Short text fragments from websites:
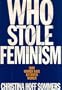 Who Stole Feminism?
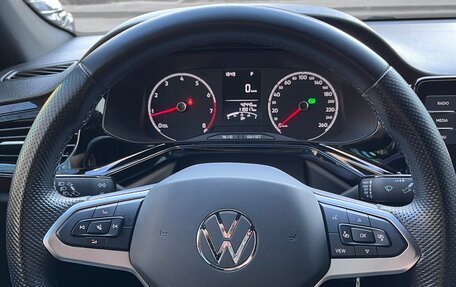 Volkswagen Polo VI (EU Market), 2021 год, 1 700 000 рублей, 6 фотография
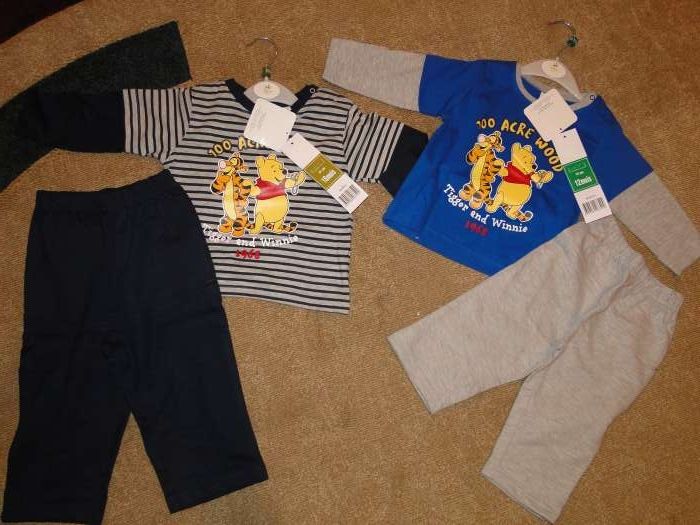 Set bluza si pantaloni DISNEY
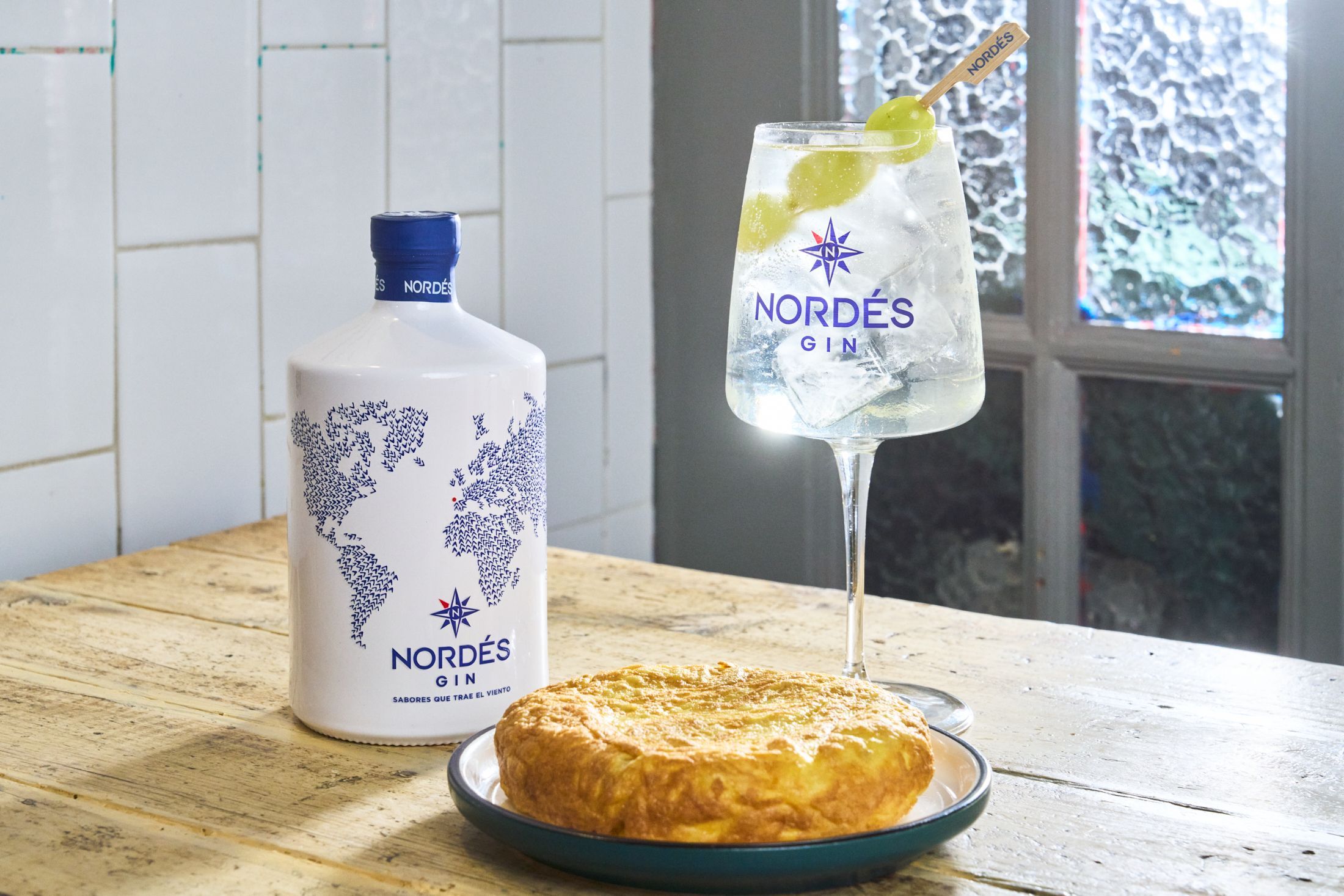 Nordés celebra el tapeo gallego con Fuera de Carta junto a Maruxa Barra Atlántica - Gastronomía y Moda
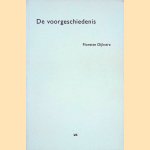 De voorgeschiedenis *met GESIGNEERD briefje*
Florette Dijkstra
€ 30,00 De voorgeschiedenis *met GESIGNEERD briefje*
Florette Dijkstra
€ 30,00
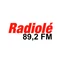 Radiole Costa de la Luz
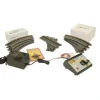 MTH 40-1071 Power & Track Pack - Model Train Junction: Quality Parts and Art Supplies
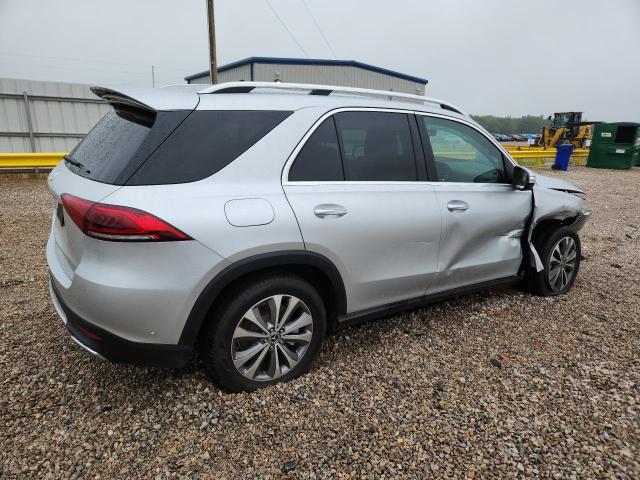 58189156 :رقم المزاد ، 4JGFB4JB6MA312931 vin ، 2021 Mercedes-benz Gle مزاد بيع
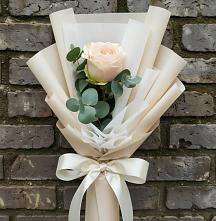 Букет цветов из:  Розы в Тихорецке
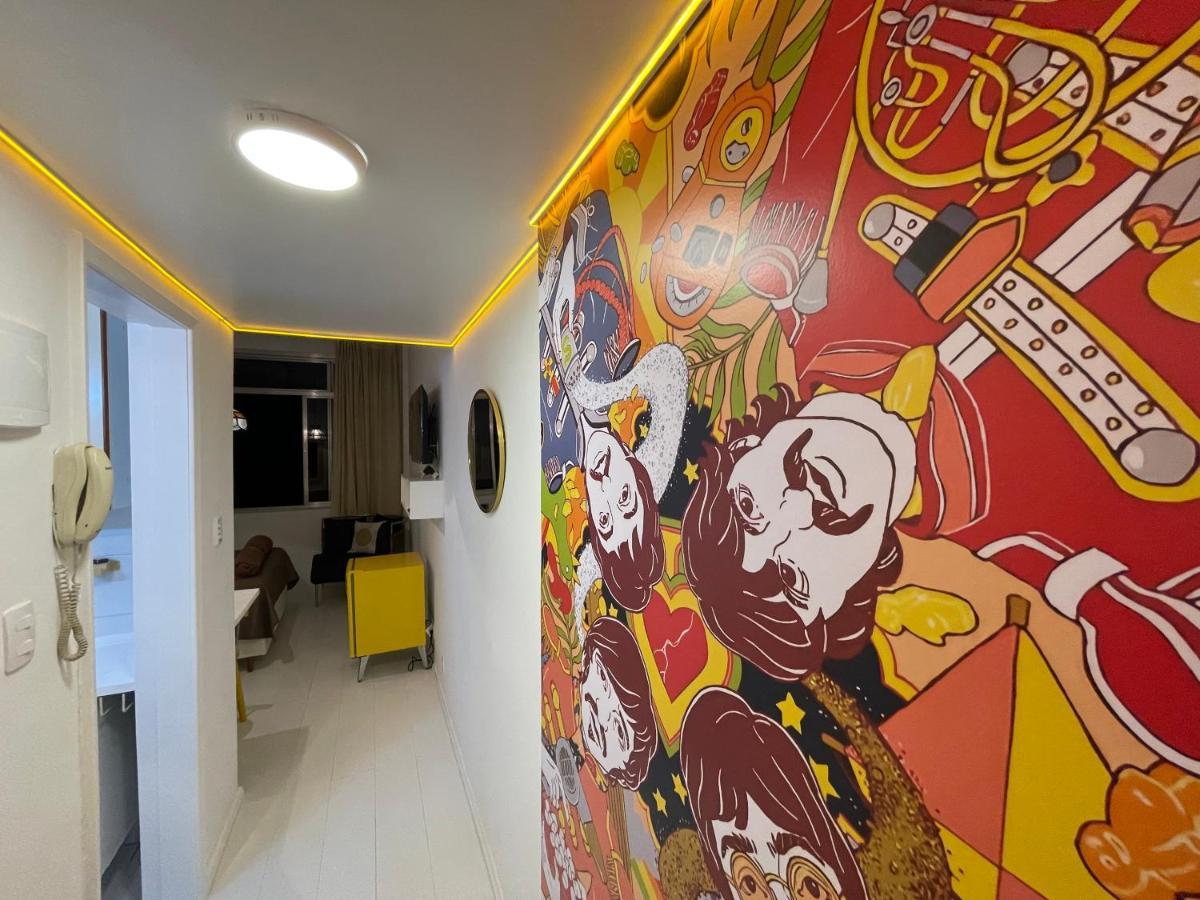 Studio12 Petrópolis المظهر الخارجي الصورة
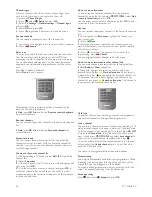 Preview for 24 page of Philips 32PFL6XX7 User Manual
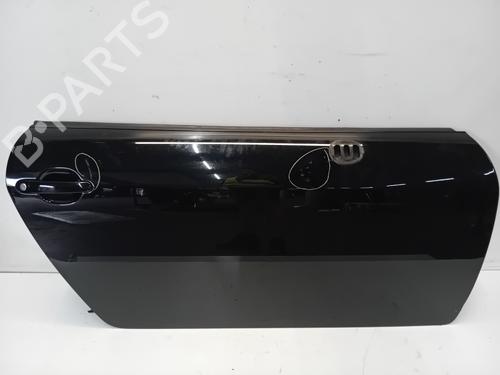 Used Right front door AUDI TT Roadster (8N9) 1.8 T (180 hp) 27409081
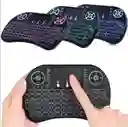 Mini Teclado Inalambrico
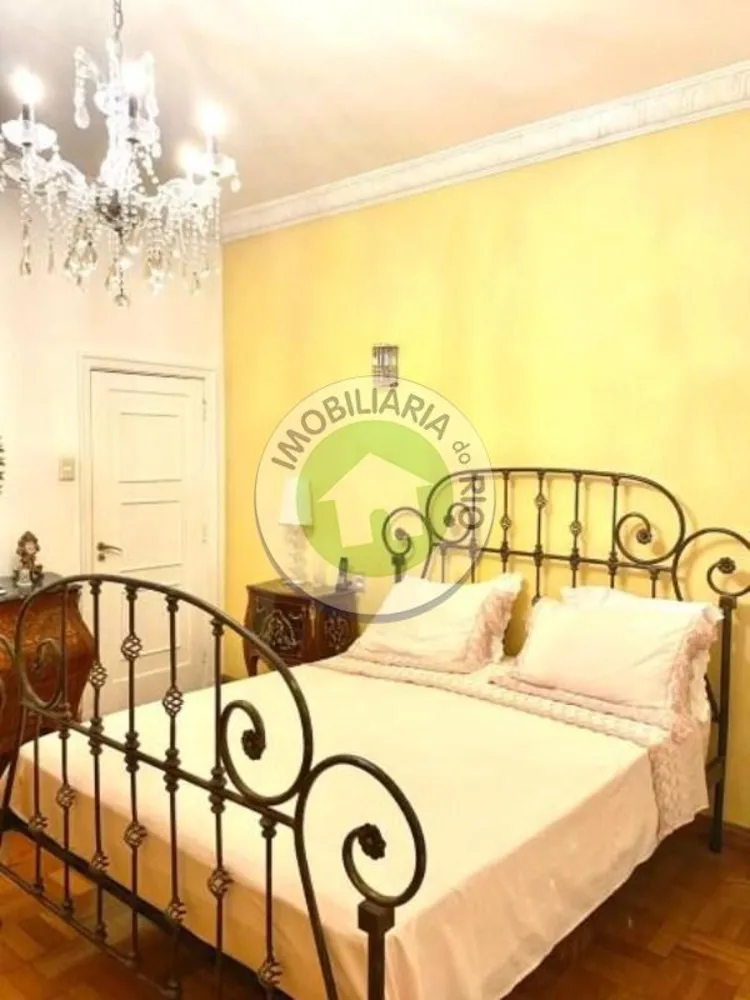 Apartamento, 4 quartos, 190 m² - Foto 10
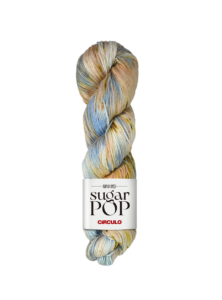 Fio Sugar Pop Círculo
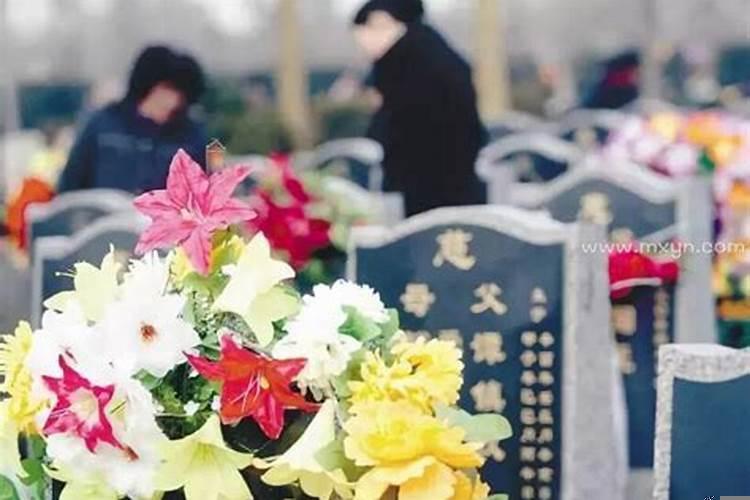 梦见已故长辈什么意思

Your goal – Please transcribe all of the entries word for word, with the pictures left out.

Answer to this task –
 Who Stole Feminism?
 Volkswagen Polo VI (EU Market), 2021 год, 1 700 000 рублей, 6 фотография
 Set bluza si pantaloni DISNEY
 Nordés celebra el tapeo gallego con Fuera de Carta junto a Maruxa Barra Atlántica - Gastronomía y Moda
 De voorgeschiedenis *met GESIGNEERD briefje*
Florette Dijkstra
€ 30,00 De voorgeschiedenis *met GESIGNEERD briefje*
Florette Dijkstra
€ 30,00
 Radiole Costa de la Luz
 MTH 40-1071 Power & Track Pack - Model Train Junction: Quality Parts and Art Supplies
 58189156 :رقم المزاد ، 4JGFB4JB6MA312931 vin ، 2021 Mercedes-benz Gle مزاد بيع
 Букет цветов из:  Розы в Тихорецке
 Studio12 Petrópolis المظهر الخارجي الصورة
 Preview for 24 page of Philips 32PFL6XX7 User Manual
 Used Right front door AUDI TT Roadster (8N9) 1.8 T (180 hp) 27409081
 Mini Teclado Inalambrico
 Apartamento, 4 quartos, 190 m² - Foto 10
 Fio Sugar Pop Círculo
 梦见已故长辈什么意思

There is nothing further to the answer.